昨年4〜6月期から10〜12月期まで3四半期続けて「マイナス成長」を続けてきた日本経済が、今年の1〜3月期には何とか下げ止まって「ゼロ成長」になるかどうかという程度の情けない話なのです。

− 回復の見通しはまだ立たない −

それと言うのも、好材料は前述した在庫減らしの進展と輸出回復だけで、あとの需要はまったく立直りの兆がないからです。

個人消費は雇用と賃金が悪化したままですから立直る事が出来ません。企業収益が低水準なので設備拡大に乗り出す企業も殆どなく、設備投資は減り続けています。設備投資の先行きを示す機械受注も落ちつづけているので、本年下期に設備投資が立直る見通しはありません。

財政支出は“小泉改革”の下で減り続け、減税政策もないので、政策面からも景気の足は引っ張られたままです。
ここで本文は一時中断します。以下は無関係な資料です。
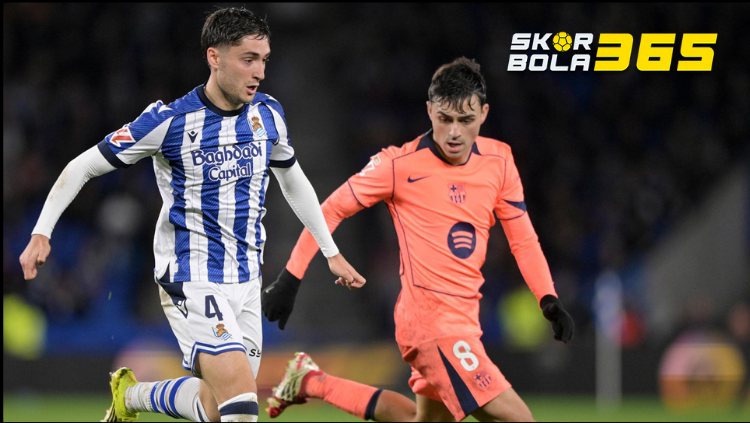 Pemain Barcelona Pedri mengenakan jersey oranye sedang berebut bola dengan pemain Real Sociedad dalam pertandingan La Liga, terdapat logo SKORBOLA365 di pojok kanan atas.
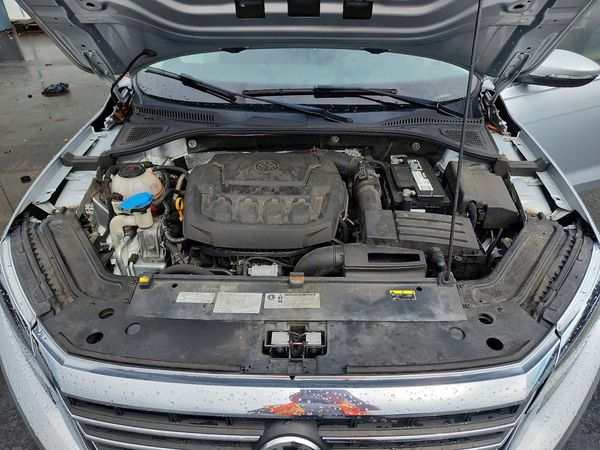 2020 VOLKSWAGEN PASSAT SE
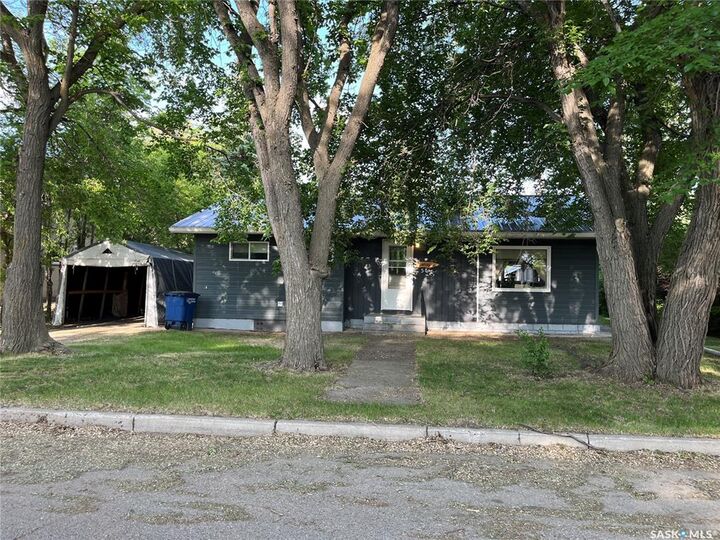 Property Photo: 58 2nd Street SW SK S0A 4J0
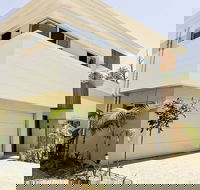 Fat Frog Beach Houses - Hotel Accommodation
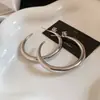 Pendientes de Oro Real de 18K Electrochapado Estilo Europeo y Americano Simples de Circonita Forma de C, Pendientes de Lujo Ligero de Alta Gama, Accesorios para Orejas Personalizados y Elegantes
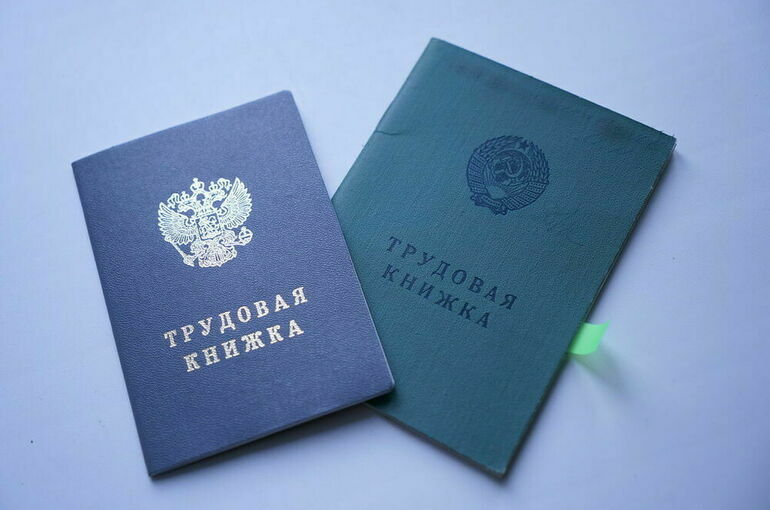 Руководителей структурных подразделений освободят от срочных договоров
規制撤廃でビジネス・チャンスを増やすとか、行政改革による歳出削減を財源とする減税で民間のやる気を起こすというような「前向きの構造改革」が行われない限り、残念ながら持続的な景気回復の道は開けないでしょう。

― 油断してないで慎重に ー

  マスコミは景気が底を打って今にも上がり始めるような報道をするかも知れませんが、現実はもっと厳しい状態です。不況の底をしばらくは這って行くのだと考え、経営面でも暮らしの設計でも油断しないで慎重にして下さい。一時回復した株価が又ダラダラ下がっているのも、先行きにまだ明るさが出ていない証拠だと思った方がよいと思います。今の“小泉改革”では、輸出という他力本願以外に希望はもてません。